Cathrine Hickem, Founder of Intentional Motherhood, Shares Why Loving Your Children is Not Enough
Contact: Adam Cothes, Publicist, WinePress Publishing, 360-802-9758, email@example.com
ENUMCLAW, Wash., Aug. 15 /Christian Newswire/ -- Catherine Hickem has seen it too often. Moms are beating themselves up over their regrets when their children don't turn out the way they thought they would. She realized that there had to be a better approach to motherhood. She found that way in her own family and has been teaching it through seminars to mothers ever since. In her new book, "Raising Your Children with No Regrets: 7 Principles of an Intentional Mother," she helps mothers look at their own lives and offers coaching to help them utilize God-given opportunities to be great moms.
Is she a perfect mother? "No," she says. But she determined to raise her two children, an adopted son and a birth daughter, not with "no mistakes, but with no regrets."
Hickem says, "Children are the sandpaper God uses to refine our rough edges." Even our teenagers, she explains, who do goofy, stupid things, can be helped to untangle the cobwebs in their hearts, minds, and bodies. "Instead of pouncing on them," she says, "we will see the diamonds amid the rocks."

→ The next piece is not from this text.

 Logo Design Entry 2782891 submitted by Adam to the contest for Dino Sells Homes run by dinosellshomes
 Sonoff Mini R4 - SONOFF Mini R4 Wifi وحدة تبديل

The author leaves nothing to chance as she covers subjects, such as promiscuity, anxiety disorders, sibling rivalry, the spoiled child, intention versus control, respect versus happiness and much more. She emphasizes that mothers need to become students of their children, understanding their weaknesses and strengths and nurturing them in that regard. "Most mothers are so busy trying to survive, they don't realize what they are letting slip through their fingers. Mothers have a tendency to dismiss the mistakes of the day because it is just a day and another one will be here tomorrow."
"I have discovered over the last 25 years that most of the mistakes mothers make are simply because they were too short-sighted in their understanding of motherhood," says Hickem. "They fail to keep a big-picture mentality when dealing with their kids. As a result, they miss out on great opportunities to instill values, character, and faith. Mothers need to think through their motherhood and not just show up on a day-to-day basis."
Through her retreats and conferences, and her weekly radio call-in program "The Mom Coach," and one-on-one conversations, Hickem teaches principles for becoming an "intentional" mother who can avoid living with regrets.